Data excerpts
^^^^

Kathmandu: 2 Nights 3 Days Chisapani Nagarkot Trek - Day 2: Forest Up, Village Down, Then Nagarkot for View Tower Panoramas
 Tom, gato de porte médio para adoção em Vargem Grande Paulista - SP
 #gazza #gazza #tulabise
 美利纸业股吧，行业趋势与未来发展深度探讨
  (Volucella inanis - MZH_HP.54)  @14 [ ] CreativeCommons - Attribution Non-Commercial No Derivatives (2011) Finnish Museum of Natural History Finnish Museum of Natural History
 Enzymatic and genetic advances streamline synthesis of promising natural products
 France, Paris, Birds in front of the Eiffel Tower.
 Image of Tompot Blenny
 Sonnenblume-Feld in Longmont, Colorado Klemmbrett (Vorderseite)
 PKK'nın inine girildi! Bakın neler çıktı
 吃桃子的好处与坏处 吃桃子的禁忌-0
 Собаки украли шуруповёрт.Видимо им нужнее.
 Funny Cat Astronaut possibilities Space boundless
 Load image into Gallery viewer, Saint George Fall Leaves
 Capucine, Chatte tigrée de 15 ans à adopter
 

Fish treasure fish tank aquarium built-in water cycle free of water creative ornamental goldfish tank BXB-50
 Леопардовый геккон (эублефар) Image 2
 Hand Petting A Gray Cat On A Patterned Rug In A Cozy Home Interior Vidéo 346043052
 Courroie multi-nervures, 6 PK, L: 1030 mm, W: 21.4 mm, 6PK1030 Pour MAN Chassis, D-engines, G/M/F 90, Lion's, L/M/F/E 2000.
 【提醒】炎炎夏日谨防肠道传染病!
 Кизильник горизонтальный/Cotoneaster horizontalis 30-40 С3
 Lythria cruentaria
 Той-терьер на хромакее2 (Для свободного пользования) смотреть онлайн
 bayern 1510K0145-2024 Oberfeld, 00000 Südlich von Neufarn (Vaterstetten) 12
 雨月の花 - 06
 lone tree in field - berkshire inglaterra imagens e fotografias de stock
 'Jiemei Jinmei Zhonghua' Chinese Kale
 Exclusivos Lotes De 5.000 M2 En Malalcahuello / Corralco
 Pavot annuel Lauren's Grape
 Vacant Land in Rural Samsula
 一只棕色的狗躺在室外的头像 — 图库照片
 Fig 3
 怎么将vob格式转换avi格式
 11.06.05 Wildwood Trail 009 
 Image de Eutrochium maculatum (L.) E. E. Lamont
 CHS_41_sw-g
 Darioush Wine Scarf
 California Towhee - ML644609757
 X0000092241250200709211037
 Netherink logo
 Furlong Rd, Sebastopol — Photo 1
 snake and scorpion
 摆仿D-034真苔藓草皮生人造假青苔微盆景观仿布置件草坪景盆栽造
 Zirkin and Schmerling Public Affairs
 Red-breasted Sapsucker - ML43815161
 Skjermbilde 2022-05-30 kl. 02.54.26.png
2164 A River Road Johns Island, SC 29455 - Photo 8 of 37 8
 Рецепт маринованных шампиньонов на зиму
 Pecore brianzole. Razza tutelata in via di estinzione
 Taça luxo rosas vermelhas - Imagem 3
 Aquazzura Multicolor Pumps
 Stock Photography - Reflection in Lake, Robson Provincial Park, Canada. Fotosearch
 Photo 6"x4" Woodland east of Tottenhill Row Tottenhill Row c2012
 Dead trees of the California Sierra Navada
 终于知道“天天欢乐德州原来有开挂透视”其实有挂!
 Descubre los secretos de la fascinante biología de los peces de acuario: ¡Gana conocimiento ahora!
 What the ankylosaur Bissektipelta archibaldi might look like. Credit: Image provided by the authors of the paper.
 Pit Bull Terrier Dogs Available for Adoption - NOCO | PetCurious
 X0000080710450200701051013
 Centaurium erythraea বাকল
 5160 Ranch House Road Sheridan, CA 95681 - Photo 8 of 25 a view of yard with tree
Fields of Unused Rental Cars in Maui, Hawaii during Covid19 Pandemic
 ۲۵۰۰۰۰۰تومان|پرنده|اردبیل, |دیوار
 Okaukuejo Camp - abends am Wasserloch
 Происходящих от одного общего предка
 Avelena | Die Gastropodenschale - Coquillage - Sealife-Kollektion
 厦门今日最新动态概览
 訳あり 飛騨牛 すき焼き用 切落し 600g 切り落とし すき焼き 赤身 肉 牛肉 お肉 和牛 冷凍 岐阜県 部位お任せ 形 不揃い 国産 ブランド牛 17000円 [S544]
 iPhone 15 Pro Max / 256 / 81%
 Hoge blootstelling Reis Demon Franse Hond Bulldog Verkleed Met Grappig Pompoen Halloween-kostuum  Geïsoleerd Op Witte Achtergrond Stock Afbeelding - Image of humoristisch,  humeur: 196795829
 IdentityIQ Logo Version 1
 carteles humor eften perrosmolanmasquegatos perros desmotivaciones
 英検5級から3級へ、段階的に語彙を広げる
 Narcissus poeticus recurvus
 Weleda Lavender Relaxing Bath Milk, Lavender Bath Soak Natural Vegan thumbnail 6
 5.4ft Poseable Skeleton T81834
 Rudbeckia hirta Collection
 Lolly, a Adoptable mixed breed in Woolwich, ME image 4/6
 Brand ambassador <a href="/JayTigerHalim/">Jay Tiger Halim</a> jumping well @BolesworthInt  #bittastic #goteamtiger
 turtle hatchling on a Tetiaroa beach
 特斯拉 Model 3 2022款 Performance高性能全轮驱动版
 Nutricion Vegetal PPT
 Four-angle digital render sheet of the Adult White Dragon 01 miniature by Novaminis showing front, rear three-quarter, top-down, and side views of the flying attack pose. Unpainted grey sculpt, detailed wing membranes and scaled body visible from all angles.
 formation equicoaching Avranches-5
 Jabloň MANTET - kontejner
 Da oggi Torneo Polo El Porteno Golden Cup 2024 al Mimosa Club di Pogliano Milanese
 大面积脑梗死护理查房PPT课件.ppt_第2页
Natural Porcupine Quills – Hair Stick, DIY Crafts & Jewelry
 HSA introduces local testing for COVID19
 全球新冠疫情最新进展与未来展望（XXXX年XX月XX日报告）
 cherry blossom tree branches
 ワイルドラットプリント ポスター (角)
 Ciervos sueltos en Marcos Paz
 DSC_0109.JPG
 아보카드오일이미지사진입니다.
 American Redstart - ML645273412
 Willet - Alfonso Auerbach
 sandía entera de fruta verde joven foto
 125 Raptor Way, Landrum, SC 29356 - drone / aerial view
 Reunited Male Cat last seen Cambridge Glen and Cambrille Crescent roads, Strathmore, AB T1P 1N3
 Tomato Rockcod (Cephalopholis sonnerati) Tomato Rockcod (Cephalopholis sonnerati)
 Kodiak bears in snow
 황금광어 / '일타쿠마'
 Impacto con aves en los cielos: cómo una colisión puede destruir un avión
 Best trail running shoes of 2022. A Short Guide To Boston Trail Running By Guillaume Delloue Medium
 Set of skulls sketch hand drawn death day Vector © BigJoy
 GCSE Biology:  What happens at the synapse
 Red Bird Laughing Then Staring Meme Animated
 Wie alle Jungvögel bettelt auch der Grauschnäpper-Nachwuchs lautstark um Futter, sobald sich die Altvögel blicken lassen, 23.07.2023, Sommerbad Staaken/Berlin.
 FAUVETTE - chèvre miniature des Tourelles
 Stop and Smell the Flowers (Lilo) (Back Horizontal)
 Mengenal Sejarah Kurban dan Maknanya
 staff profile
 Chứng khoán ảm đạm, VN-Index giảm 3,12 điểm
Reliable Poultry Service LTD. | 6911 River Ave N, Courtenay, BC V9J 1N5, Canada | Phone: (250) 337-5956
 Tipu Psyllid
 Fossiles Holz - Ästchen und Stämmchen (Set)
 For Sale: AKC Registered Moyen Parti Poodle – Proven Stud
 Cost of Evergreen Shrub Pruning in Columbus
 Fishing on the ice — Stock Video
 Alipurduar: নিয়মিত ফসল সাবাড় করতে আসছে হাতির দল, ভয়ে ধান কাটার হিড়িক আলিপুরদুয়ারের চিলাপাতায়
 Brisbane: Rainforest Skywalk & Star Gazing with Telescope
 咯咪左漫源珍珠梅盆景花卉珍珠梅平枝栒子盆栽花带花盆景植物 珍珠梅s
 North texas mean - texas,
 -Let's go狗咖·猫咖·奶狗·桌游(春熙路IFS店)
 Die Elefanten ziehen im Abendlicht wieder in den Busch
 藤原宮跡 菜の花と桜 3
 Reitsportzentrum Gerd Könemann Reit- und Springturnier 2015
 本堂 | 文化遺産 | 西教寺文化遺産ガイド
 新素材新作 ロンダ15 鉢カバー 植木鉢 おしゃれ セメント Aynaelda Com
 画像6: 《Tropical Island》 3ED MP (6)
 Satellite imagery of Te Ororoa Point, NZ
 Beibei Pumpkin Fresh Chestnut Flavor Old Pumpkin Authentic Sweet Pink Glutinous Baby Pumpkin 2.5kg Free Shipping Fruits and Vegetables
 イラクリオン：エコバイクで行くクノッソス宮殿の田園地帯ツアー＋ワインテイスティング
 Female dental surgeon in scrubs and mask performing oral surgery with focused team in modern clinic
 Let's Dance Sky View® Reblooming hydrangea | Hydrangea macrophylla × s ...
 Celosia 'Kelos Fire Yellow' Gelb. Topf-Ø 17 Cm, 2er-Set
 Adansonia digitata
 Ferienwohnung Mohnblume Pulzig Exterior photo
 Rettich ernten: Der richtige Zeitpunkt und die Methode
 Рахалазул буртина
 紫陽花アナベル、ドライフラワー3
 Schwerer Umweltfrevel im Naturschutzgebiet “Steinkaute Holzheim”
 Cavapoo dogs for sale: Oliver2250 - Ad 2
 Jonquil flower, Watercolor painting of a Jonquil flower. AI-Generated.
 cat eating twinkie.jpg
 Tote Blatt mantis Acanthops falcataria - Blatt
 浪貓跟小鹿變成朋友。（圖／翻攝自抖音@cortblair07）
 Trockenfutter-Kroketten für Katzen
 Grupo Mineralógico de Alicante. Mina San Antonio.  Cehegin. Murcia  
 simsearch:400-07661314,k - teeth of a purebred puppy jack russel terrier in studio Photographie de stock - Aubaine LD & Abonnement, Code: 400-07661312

^^^^

EXERCISE GOAL: From the very first line of the records down to the line with "Hand Petting A", please write out each line exactly, including both ends and no other lines.

RESULT OF THE TASK:
Kathmandu: 2 Nights 3 Days Chisapani Nagarkot Trek - Day 2: Forest Up, Village Down, Then Nagarkot for View Tower Panoramas
 Tom, gato de porte médio para adoção em Vargem Grande Paulista - SP
 #gazza #gazza #tulabise
 美利纸业股吧，行业趋势与未来发展深度探讨
  (Volucella inanis - MZH_HP.54)  @14 [ ] CreativeCommons - Attribution Non-Commercial No Derivatives (2011) Finnish Museum of Natural History Finnish Museum of Natural History
 Enzymatic and genetic advances streamline synthesis of promising natural products
 France, Paris, Birds in front of the Eiffel Tower.
 Image of Tompot Blenny
 Sonnenblume-Feld in Longmont, Colorado Klemmbrett (Vorderseite)
 PKK'nın inine girildi! Bakın neler çıktı
 吃桃子的好处与坏处 吃桃子的禁忌-0
 Собаки украли шуруповёрт.Видимо им нужнее.
 Funny Cat Astronaut possibilities Space boundless
 Load image into Gallery viewer, Saint George Fall Leaves
 Capucine, Chatte tigrée de 15 ans à adopter
 

Fish treasure fish tank aquarium built-in water cycle free of water creative ornamental goldfish tank BXB-50
 Леопардовый геккон (эублефар) Image 2
 Hand Petting A Gray Cat On A Patterned Rug In A Cozy Home Interior Vidéo 346043052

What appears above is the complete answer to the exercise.